Cosmic Microwave Background Radiation

16.8 - Understand the major observational evidence in favour of the Big Bang theory:
b) cosmic microwave background (CMB) radiation

16.9 - Understand the significance of the fluctuations in the CMB radiation for theories of the evolution of the Universe, including discoveries by the Wilkinson Microwave Anisotropy Probe (WMAP) and the Planck mission

The CMB is the furthest (and therefore, oldest) signal detected by a telescope. The temperature is a cold 2.7°K (-273.3°C). The slight variations in temperature, as seen in the image, are very small.

The CMB is the heat remnant of the Big Bang, the background temperature of the Universe.

To our eyes (and telescopes) space appears black, but to a sensitively calibrated radio telescope, a background glow appears. This is consistent in any direction with very minor variations in density - the apparent ‘ripples’ in the radiation.

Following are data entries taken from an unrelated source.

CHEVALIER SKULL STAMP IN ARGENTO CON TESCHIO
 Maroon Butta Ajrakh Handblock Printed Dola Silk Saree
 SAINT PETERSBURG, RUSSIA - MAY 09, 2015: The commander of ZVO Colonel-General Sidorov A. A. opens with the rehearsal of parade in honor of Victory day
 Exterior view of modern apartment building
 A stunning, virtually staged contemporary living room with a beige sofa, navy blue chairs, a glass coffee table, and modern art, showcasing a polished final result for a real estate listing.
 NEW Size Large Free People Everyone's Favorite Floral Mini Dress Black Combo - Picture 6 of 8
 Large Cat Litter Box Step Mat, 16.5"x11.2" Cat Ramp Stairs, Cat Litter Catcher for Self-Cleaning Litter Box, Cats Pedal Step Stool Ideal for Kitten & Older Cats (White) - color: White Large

As the heat and plasma from the Big Bang expanded, the Universe became transparent and the radiation cooled to its present temperature. Big Bang models show that early growth in the first fractions of a second smoothed out irregularities and what is visible are miniscule fluctuations at a quantum level.

Discovery

CMB was theorised before it was discovered. With the formation of the Big Bang theory, the question arose as to what happened to all the heat in the Universe from that time.

From the mid 1940s to the mid 1960s, various scientists theorised of the temperature of the Universe and its form. There were estimates to within a fair degree of accuracy.

In 1964, Arno Penzias and Robert Wilson at Bell Labs worked on a sensitive 6 metre 'horn antenna' radio telescope. They eliminated all known radio waves but still detected a faint but consistent noise. it was spread throughout the sky and did not change throughout the day. The wavelength they worked on did not come from the Milky Way, but from outside the galaxy.

Princeton University scientists were working on detecting microwaves left over from the Big Bang. When they heard about Penzias and Wilson, the two sets of research produced proof of the CMB.

Observations & Significance
  • Between  1989–1996 the NASA Cosmic Background Explorer (COBE) satellite made an extensive survey of the CMB.
  • In 2001 NASA launched WMAP, the Wilkinson Microwave Anisotropy Probe to take even more accurate measurements (see below).
  • In 2009 ESA launched the Planck Surveyor to further study the CMB. In addition extensive ground-based observations continue studies.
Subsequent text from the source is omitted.